Title: The Physick Book of Deliverance Dane
Author: Katherine Howe
Year of Publication: 2009
Number of pages: 366
Why I chose it: My mom picked it out at our regular second hand bookshop, and since the witches in Salem is something I'm interesting in, I thought I'd enjoy reading this book.
Do I recommend it? Well, it's not a bad book, but I definitely read better that fall into a similar genre, so... up to you? That's not much of a recommendation, I know, haha.
Since I find the subject of witches in Salem fascinating, I've had big expectations from this book. Alas, I fear it has failed to fulfill these expectations. Whereas this novel had every bit of potential to be an interesting one, I felt the author was trying too hard to fit it into the familiar pattern other historical thrillers such as The Shakespeare Curse or the more famous Da Vinci Code had also followed.
From very early on, one gets a clear sense of how the novel is going to end in terms of the heroine's destiny, her love interest, and the villain in the story. Therefore, by the time you reach the story's climax, there's no big surprise there. The story is consisted of two narratives - one which takes places in 1692 during the witches' trials in Salem, and the other one in Massachusetts in 1991. The past and present narratives are inevitably linked, but the novel doesn’t really give the feeling the two narratives interlace in the way the novel is structured.
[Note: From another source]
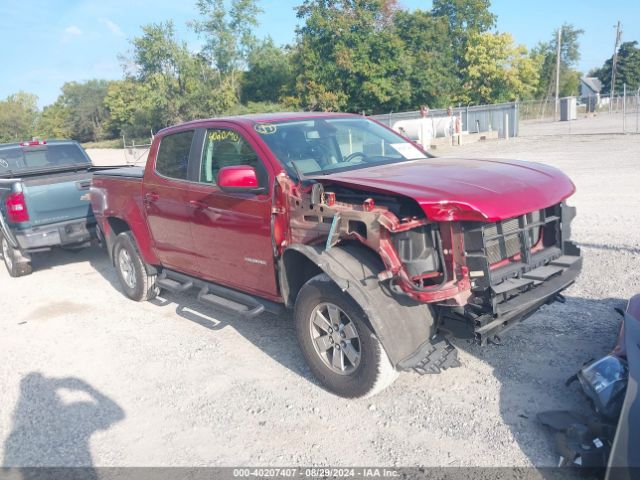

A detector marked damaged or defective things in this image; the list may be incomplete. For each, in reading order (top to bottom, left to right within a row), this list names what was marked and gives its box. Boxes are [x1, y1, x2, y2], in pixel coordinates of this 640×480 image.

damaged red pickup truck [92, 113, 584, 398]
Nearly nothing in the past narrative provides one clues that tie it with the later narrative, so in the process of telling both stories, despite the time difference of 300 years or so between them, the narratives seem parallel rather than intertwined. When the connection between past and present is eventually revealed (not a spoiler since, again, such a connection is inevitable), it isn't overwhelming in any way, but has an opposite effect entirely.
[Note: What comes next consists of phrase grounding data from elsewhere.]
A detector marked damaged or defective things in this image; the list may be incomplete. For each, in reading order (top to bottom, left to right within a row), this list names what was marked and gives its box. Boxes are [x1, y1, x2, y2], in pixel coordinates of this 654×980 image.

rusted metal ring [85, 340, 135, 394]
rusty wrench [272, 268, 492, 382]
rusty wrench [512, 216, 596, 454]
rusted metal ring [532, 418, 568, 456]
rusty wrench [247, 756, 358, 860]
The novel's power lies in the reality of the events - it's partly based on a true story - all the more reason to present the events in a more engaging way. What this novel is missing are twists and surprises. A more effective way of handling the plot could have been taking all those predictable elements and rearranging them in a certain way that would still shock the reader when they present themselves to him/her.